- PROBLEM DESCRIPTION -
Within the records that follow, restate exactly the lines from the line with "Designer new gym" down to the line with "DAIWUJAN High Quality", including both. Omit the pictures.

- DATA UNDER STUDY -
==========

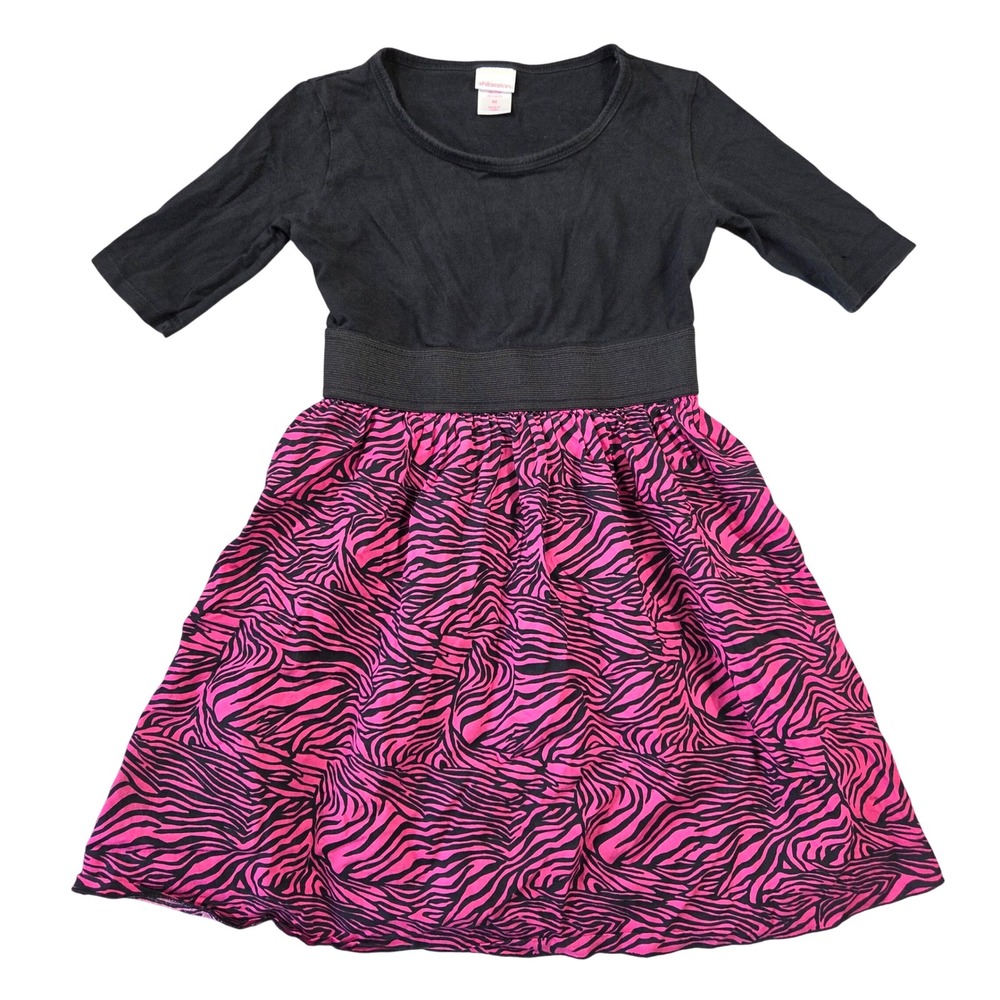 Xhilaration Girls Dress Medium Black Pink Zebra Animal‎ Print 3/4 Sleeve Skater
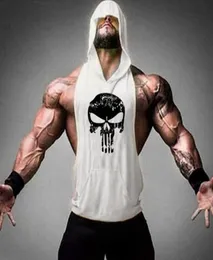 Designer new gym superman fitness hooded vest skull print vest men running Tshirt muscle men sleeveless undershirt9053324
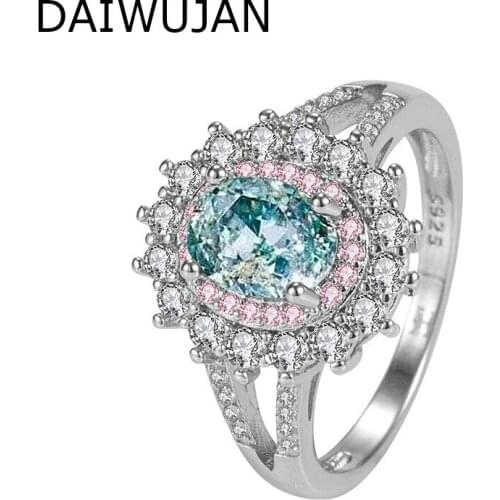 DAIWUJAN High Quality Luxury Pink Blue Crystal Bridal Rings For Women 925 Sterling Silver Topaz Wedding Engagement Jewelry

==========

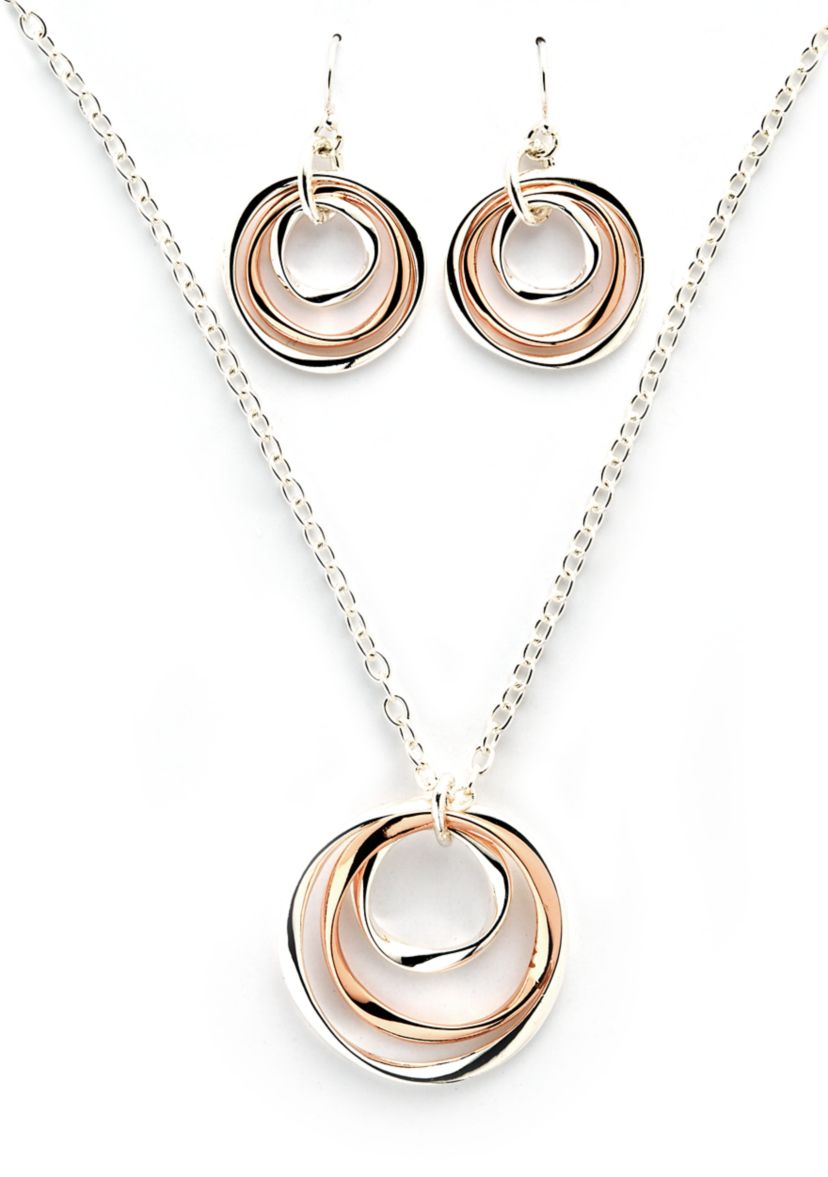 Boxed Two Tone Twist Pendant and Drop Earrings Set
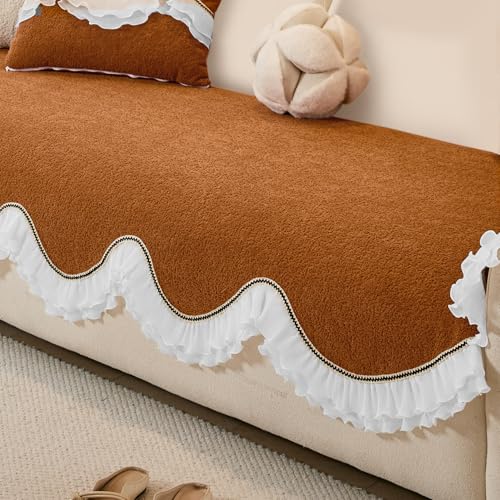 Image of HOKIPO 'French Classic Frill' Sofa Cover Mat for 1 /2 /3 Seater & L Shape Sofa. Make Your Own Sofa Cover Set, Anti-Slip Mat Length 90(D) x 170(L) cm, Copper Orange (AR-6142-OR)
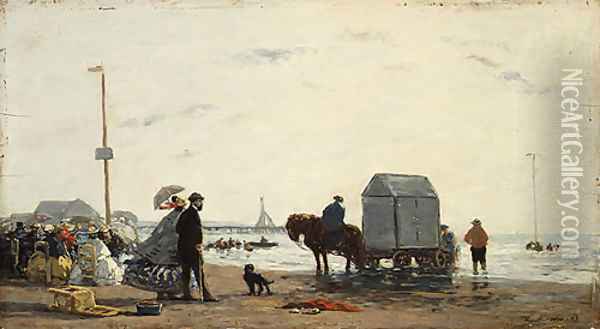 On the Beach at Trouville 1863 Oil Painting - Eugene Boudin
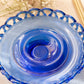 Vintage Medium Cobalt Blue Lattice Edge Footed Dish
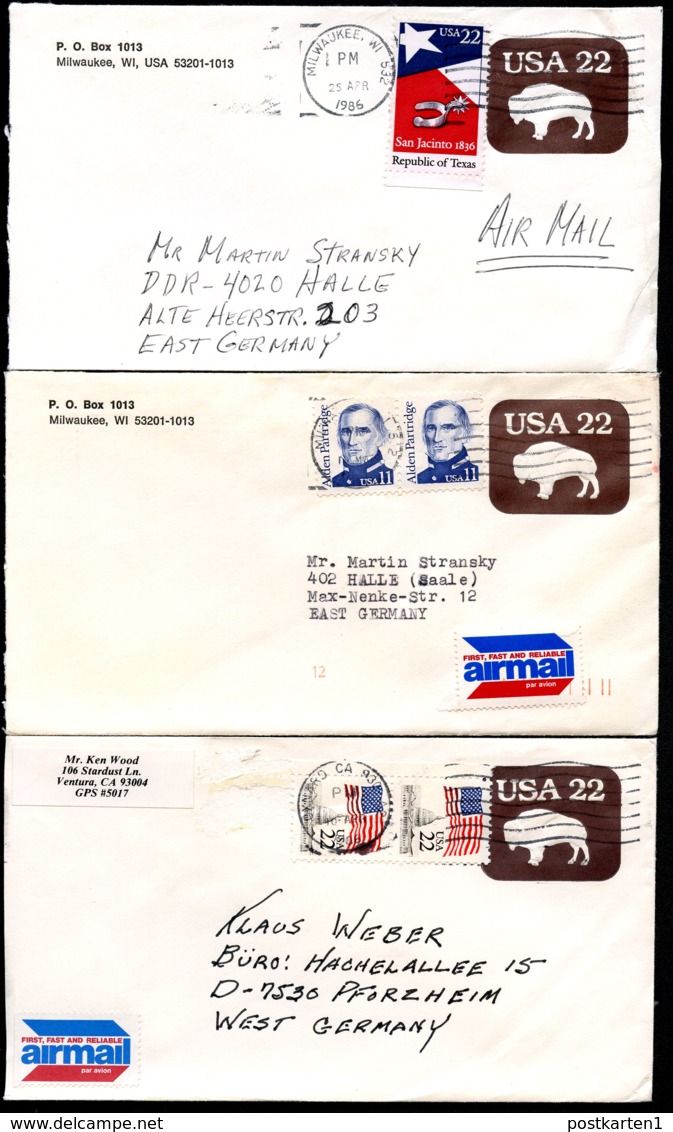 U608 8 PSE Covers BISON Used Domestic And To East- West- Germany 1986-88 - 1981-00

==========

- THE COMPLETED TASK -
 Designer new gym superman fitness hooded vest skull print vest men running Tshirt muscle men sleeveless undershirt9053324
 DAIWUJAN High Quality Luxury Pink Blue Crystal Bridal Rings For Women 925 Sterling Silver Topaz Wedding Engagement Jewelry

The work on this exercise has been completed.